La réalité sensorielle. Libres propos de Michel Random


04 Nov 2010

(Revue 3e Millénaire. Ancienne Série No 3. Juillet-Août 1982)

Toute notre conception de la vie

peut changer dès lors que l’on considère

l’aspect qualitatif du monde et

non plus seulement son aspect quantitatif.

Là est caché le secret du vivant.

Il y a évidemment un fil d’or, un fil interne qui relie les propriétés de toutes choses, qui fait le pont entre le qualitatif et le quantitatif, le monde de la matière et celui de la pensée, entre l’événement instantané, la réalité soudaine, l’apparition spontanée et mouvante des choses, et l’espace-temps. Il existe ce fil qui est au-dehors et au-dedans, qui forme et informe, qui modèle et crée, qui partant de l’infiniment grand à l’infiniment petit, se manifeste avec la même cohérence, la même puissance d’obstination si l’on peut dire, ce fil qui ne lâche lui jamais prise, que rien ne peut entamer, qui a toujours été et qui probablement sera toujours. Et ce fil de toutes relations, ce fil enchanté, n’est autre que le vivant.

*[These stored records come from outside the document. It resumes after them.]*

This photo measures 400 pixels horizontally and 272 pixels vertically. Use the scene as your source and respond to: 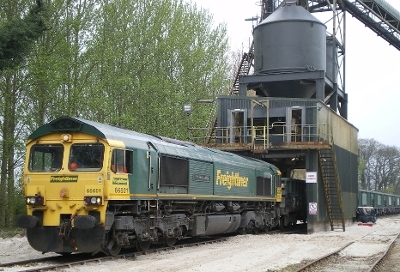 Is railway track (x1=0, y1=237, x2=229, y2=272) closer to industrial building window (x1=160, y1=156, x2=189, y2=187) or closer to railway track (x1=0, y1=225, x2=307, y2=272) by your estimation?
railway track (x1=0, y1=225, x2=307, y2=272)

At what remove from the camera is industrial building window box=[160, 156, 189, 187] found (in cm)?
1710

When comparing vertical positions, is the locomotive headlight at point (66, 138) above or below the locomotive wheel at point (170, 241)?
above

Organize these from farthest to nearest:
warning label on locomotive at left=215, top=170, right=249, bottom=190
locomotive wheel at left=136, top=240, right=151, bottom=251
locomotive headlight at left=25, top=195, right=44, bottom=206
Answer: warning label on locomotive at left=215, top=170, right=249, bottom=190
locomotive wheel at left=136, top=240, right=151, bottom=251
locomotive headlight at left=25, top=195, right=44, bottom=206

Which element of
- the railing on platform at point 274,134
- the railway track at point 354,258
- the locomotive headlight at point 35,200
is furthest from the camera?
the railing on platform at point 274,134

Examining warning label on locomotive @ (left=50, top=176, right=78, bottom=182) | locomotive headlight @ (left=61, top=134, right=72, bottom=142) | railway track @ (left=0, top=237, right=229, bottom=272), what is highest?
locomotive headlight @ (left=61, top=134, right=72, bottom=142)

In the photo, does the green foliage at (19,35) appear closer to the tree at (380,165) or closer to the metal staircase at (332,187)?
the metal staircase at (332,187)

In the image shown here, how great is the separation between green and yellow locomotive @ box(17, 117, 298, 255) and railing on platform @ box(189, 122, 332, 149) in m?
12.6

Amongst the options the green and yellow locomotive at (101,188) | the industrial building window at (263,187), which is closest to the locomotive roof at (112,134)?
the green and yellow locomotive at (101,188)

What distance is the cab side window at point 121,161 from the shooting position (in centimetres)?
1460

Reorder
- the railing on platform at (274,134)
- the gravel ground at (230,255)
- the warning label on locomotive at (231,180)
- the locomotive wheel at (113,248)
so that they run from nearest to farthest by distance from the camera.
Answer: the gravel ground at (230,255) → the locomotive wheel at (113,248) → the warning label on locomotive at (231,180) → the railing on platform at (274,134)

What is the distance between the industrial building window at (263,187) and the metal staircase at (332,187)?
14.7ft

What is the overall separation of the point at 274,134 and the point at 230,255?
50.3ft

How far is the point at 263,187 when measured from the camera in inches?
1032

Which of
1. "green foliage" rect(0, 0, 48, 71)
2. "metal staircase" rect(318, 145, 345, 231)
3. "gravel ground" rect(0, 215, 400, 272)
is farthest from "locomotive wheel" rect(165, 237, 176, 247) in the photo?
"metal staircase" rect(318, 145, 345, 231) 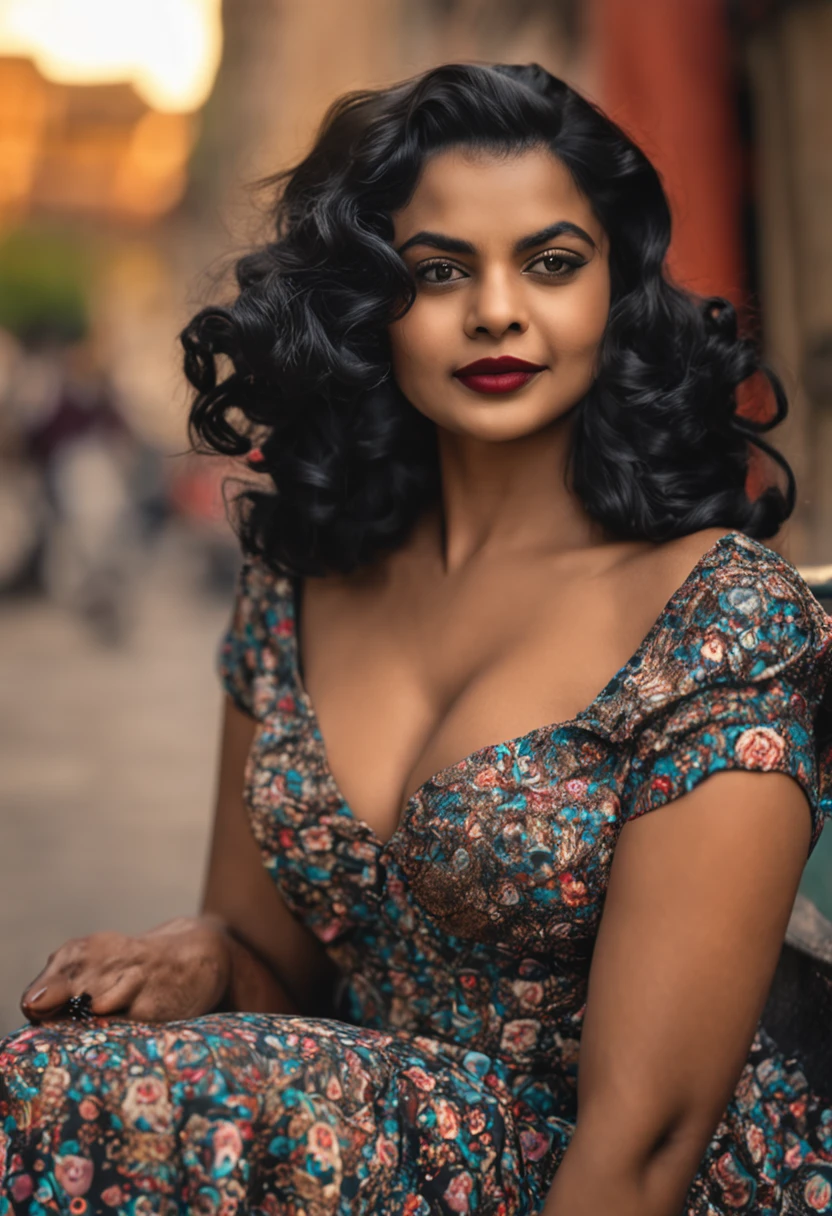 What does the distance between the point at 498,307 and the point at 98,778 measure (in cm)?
505

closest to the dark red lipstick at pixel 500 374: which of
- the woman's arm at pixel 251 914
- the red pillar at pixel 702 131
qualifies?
the woman's arm at pixel 251 914

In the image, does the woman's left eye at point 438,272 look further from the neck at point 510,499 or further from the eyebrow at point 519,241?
the neck at point 510,499

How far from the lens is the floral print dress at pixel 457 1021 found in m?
1.58

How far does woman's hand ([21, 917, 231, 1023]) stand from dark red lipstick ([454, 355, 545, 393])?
2.91ft

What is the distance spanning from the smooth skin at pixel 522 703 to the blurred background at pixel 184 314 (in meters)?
0.48

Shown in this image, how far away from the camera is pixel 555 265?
2.02 meters

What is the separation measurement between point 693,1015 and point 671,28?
485 centimetres

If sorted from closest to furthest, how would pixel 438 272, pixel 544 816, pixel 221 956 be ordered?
pixel 544 816, pixel 438 272, pixel 221 956

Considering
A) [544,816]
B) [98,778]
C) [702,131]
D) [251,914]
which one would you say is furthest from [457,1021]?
[98,778]

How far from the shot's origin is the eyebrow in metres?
1.98

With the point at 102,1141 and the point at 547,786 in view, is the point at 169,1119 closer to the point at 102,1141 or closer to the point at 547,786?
the point at 102,1141

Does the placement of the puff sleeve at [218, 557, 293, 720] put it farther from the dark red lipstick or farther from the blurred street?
the blurred street

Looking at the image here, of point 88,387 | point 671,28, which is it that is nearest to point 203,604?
point 88,387

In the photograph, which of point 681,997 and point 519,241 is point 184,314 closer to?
point 519,241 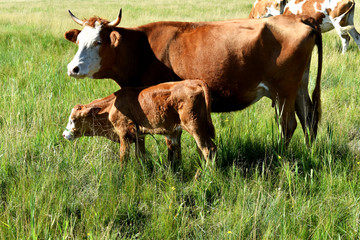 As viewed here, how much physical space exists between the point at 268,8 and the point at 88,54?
29.0 ft

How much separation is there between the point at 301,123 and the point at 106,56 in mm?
2437

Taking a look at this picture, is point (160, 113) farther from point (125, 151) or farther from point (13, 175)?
point (13, 175)

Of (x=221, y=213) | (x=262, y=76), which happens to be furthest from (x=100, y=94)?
(x=221, y=213)

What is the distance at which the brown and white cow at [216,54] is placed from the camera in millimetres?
4066

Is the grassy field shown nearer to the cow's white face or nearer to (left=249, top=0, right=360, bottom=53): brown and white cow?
the cow's white face

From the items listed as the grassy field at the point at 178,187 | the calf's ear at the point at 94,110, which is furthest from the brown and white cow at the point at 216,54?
the grassy field at the point at 178,187

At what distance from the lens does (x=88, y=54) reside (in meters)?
3.91

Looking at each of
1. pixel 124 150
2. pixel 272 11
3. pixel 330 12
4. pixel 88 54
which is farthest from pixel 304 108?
pixel 272 11

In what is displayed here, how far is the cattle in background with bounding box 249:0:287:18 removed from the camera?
1143cm

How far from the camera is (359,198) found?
3.19 meters

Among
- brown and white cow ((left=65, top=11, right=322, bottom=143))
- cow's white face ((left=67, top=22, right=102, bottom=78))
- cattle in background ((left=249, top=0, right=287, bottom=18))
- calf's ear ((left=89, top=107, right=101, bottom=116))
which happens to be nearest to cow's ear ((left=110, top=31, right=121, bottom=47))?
brown and white cow ((left=65, top=11, right=322, bottom=143))

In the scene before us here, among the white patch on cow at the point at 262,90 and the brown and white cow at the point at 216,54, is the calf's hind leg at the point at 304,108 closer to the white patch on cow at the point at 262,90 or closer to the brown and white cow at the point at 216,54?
the brown and white cow at the point at 216,54

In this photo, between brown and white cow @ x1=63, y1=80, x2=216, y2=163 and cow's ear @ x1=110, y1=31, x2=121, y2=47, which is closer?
brown and white cow @ x1=63, y1=80, x2=216, y2=163

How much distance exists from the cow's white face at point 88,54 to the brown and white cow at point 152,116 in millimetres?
408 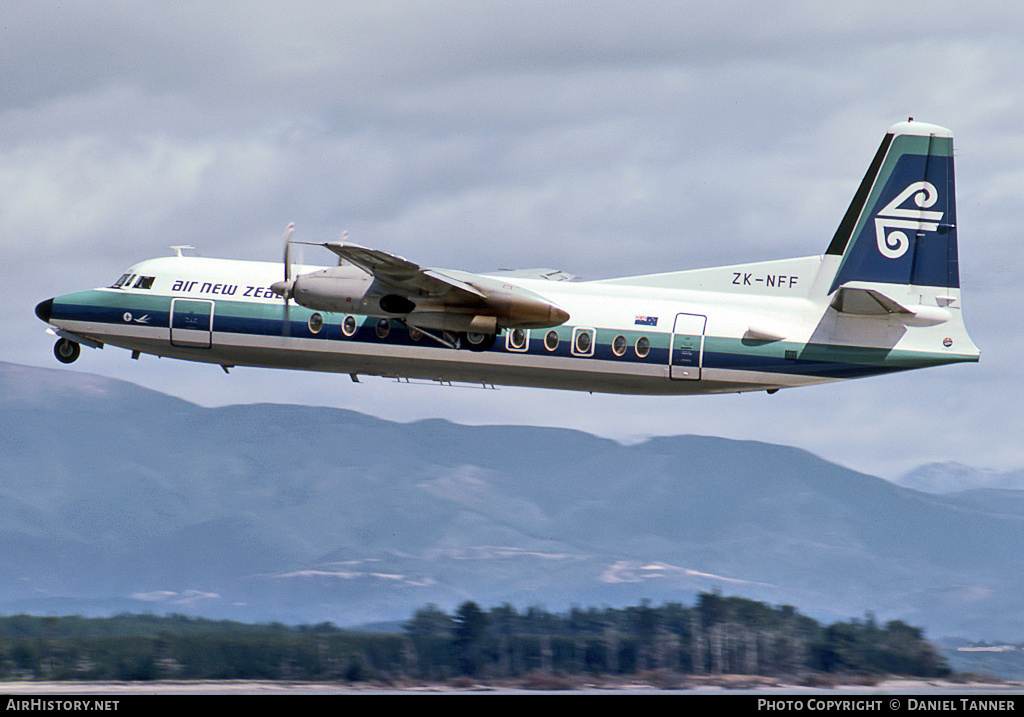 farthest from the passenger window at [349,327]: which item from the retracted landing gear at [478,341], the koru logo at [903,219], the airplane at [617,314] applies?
the koru logo at [903,219]

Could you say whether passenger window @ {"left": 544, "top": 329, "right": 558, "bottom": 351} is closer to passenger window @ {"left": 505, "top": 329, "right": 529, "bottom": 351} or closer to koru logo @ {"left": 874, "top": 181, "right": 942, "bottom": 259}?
passenger window @ {"left": 505, "top": 329, "right": 529, "bottom": 351}

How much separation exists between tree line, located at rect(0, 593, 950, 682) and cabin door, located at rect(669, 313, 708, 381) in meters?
21.2

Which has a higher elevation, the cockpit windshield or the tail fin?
the tail fin

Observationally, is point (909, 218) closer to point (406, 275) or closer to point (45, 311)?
point (406, 275)

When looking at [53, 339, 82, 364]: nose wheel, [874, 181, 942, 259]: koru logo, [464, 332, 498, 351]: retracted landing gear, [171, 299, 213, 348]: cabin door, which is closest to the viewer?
[464, 332, 498, 351]: retracted landing gear

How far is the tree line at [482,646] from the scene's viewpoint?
4334cm

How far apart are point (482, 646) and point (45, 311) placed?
2453 centimetres

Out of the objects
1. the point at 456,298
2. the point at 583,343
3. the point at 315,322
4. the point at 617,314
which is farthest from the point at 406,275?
the point at 617,314

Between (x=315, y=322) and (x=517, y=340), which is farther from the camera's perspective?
(x=315, y=322)

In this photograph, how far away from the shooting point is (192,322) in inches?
1106

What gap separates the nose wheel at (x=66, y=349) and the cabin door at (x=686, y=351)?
14.7 m

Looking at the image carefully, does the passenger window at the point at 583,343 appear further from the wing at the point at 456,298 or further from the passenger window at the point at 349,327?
the passenger window at the point at 349,327

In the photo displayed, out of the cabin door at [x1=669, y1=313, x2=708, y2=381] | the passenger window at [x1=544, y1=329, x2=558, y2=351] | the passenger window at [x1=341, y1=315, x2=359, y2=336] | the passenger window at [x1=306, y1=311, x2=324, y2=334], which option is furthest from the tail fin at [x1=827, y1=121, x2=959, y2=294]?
the passenger window at [x1=306, y1=311, x2=324, y2=334]

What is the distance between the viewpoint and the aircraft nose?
29.5 meters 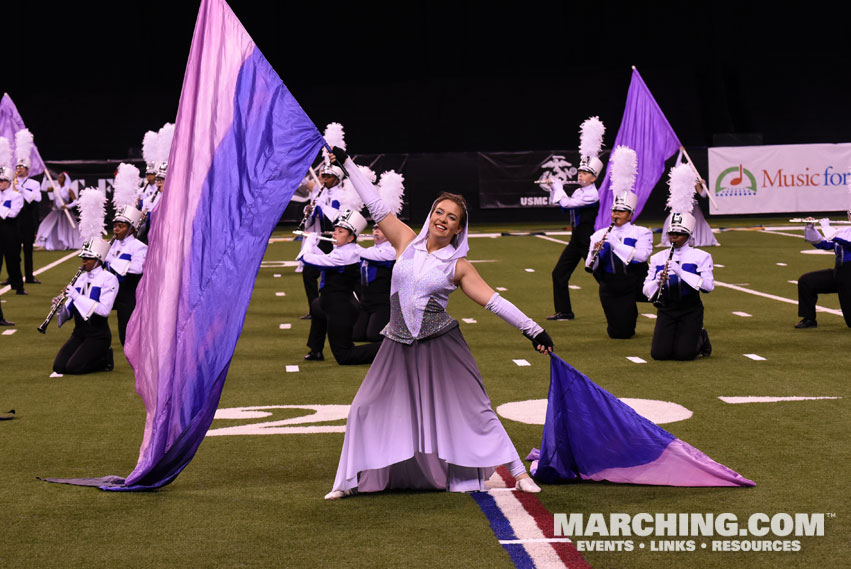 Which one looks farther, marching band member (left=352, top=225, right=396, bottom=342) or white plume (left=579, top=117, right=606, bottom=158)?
white plume (left=579, top=117, right=606, bottom=158)

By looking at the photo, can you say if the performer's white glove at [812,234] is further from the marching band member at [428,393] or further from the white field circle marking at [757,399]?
the marching band member at [428,393]

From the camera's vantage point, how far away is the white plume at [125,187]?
11.6 m

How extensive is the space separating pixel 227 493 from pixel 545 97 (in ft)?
82.5

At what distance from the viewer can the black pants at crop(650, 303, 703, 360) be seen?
1010 cm

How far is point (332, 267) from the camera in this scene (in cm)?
1013

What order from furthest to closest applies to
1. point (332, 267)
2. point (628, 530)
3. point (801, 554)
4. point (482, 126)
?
point (482, 126) < point (332, 267) < point (628, 530) < point (801, 554)

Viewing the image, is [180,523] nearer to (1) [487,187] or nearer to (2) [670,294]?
(2) [670,294]

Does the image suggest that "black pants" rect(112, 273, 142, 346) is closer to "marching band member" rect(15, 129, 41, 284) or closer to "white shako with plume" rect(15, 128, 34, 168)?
"marching band member" rect(15, 129, 41, 284)

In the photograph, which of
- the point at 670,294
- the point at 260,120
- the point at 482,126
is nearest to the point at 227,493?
the point at 260,120

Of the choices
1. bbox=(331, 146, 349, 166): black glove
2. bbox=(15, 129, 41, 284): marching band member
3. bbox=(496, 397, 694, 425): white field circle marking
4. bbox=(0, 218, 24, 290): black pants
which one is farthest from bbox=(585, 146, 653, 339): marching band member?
bbox=(15, 129, 41, 284): marching band member

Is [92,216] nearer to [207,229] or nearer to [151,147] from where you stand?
[151,147]

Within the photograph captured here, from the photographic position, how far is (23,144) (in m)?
18.0

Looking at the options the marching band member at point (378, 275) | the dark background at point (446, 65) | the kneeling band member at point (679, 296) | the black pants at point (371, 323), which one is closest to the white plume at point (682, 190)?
the kneeling band member at point (679, 296)

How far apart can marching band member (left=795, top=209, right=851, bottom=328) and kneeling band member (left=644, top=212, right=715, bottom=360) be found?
5.78 ft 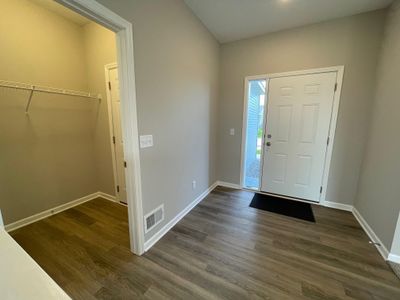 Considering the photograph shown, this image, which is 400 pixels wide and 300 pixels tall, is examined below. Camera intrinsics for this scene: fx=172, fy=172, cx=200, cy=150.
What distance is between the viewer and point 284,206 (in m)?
2.75

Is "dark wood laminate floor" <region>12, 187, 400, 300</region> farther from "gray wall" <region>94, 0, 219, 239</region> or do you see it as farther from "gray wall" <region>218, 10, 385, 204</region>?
"gray wall" <region>218, 10, 385, 204</region>

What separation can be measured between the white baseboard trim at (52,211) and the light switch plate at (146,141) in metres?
1.72

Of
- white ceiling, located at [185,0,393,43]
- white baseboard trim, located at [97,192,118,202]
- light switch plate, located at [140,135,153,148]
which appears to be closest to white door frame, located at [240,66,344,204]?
white ceiling, located at [185,0,393,43]

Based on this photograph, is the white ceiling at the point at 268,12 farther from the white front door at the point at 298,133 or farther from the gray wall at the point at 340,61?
the white front door at the point at 298,133

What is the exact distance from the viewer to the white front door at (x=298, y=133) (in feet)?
8.55

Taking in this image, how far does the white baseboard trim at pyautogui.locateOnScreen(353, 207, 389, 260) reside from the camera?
1.75m

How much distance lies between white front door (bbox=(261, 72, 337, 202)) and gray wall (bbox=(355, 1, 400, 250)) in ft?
1.67

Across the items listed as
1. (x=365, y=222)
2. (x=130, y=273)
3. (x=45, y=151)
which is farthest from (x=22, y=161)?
(x=365, y=222)

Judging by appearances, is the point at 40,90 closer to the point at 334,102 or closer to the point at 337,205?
the point at 334,102

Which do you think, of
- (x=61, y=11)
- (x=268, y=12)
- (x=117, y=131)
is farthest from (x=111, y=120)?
(x=268, y=12)

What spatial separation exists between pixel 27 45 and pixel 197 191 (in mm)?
2968

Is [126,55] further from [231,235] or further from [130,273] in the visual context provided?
[231,235]

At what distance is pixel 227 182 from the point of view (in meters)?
3.52

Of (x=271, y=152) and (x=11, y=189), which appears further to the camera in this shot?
(x=271, y=152) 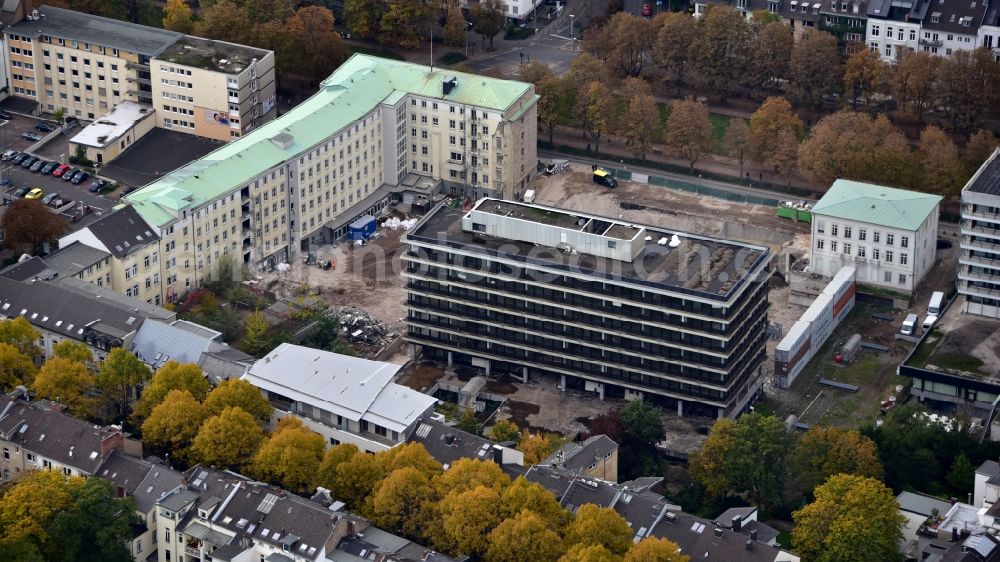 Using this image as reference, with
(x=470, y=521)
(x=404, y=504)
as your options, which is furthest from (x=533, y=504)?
(x=404, y=504)

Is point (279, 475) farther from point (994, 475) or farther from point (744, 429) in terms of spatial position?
point (994, 475)

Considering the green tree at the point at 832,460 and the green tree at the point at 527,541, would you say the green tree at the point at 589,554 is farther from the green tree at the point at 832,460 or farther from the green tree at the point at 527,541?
the green tree at the point at 832,460

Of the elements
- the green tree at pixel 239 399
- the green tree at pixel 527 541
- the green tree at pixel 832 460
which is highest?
the green tree at pixel 239 399

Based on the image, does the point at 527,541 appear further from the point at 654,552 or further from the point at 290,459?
the point at 290,459

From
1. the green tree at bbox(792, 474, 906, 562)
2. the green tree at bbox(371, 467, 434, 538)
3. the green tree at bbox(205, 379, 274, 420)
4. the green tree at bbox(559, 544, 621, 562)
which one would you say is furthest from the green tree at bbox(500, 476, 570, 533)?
the green tree at bbox(205, 379, 274, 420)

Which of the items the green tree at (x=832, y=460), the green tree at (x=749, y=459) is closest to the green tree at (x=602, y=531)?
the green tree at (x=749, y=459)

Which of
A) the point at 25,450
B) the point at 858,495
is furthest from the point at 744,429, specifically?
the point at 25,450

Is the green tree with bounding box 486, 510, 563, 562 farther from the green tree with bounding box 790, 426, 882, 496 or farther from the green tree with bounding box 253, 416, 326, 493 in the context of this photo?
the green tree with bounding box 790, 426, 882, 496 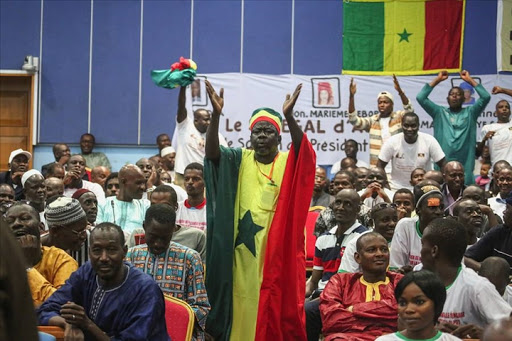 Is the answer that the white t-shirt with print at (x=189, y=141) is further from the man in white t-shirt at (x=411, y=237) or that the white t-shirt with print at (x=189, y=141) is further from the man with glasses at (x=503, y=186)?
the man in white t-shirt at (x=411, y=237)

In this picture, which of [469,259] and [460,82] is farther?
[460,82]

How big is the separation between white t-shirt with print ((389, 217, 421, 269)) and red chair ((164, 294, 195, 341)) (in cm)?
195

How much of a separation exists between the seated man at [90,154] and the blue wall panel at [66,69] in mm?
390

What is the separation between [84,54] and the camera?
1381 cm

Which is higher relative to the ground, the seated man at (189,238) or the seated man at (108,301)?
the seated man at (189,238)

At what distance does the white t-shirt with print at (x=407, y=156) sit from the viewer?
994 centimetres

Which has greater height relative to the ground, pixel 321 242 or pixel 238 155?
pixel 238 155

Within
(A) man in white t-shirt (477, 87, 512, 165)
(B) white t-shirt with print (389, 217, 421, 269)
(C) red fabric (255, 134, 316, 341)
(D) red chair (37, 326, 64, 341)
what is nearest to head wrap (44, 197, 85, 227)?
(C) red fabric (255, 134, 316, 341)

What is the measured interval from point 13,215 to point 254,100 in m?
7.64

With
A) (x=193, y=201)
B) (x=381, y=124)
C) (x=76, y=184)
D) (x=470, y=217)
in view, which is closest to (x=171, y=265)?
(x=193, y=201)

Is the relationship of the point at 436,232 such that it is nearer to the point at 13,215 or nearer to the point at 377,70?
the point at 13,215

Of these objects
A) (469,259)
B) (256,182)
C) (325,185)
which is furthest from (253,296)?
(325,185)

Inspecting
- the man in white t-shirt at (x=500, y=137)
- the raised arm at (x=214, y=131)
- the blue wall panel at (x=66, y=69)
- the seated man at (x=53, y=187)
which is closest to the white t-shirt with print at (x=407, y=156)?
the man in white t-shirt at (x=500, y=137)

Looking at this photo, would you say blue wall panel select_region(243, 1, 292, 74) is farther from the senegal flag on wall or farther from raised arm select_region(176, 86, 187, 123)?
raised arm select_region(176, 86, 187, 123) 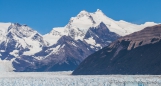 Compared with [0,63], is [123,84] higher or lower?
lower

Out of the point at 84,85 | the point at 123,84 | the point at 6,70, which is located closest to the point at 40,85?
the point at 84,85

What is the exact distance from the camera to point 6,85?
4685 inches

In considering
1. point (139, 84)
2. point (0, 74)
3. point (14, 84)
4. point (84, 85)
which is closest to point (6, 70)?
point (0, 74)

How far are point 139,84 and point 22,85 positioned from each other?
27251 millimetres

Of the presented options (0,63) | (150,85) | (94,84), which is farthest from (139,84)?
(0,63)

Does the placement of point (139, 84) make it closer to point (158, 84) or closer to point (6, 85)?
point (158, 84)

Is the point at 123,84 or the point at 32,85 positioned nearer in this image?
the point at 123,84

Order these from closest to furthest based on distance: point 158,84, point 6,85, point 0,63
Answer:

Voilà le mot. Il est beau ; il est entier, il est là devant nous. Il est nous-même, il est vie et souffle, et nous ne parvenons pourtant pas à le saisir, à le comprendre, comme nous ne parvenons pas à saisir la totalité de ce qui est. Est-ce que nous pouvons saisir tout ce qui est, et à tout moment ! Sûrement pas. Nous sommes du vivant, immergés dans du vivant. Nous sommes nous-même la partie et le Tout et à tous moments. Nous ne pouvons voir que ce qui est séparé, distinct de nous — mais comment le faire quand nous sommes à la fois cause et partie, sujet et objet. Dites-moi où commence la distinction, où l’escalier des progressions, où les niveaux des différenciations ?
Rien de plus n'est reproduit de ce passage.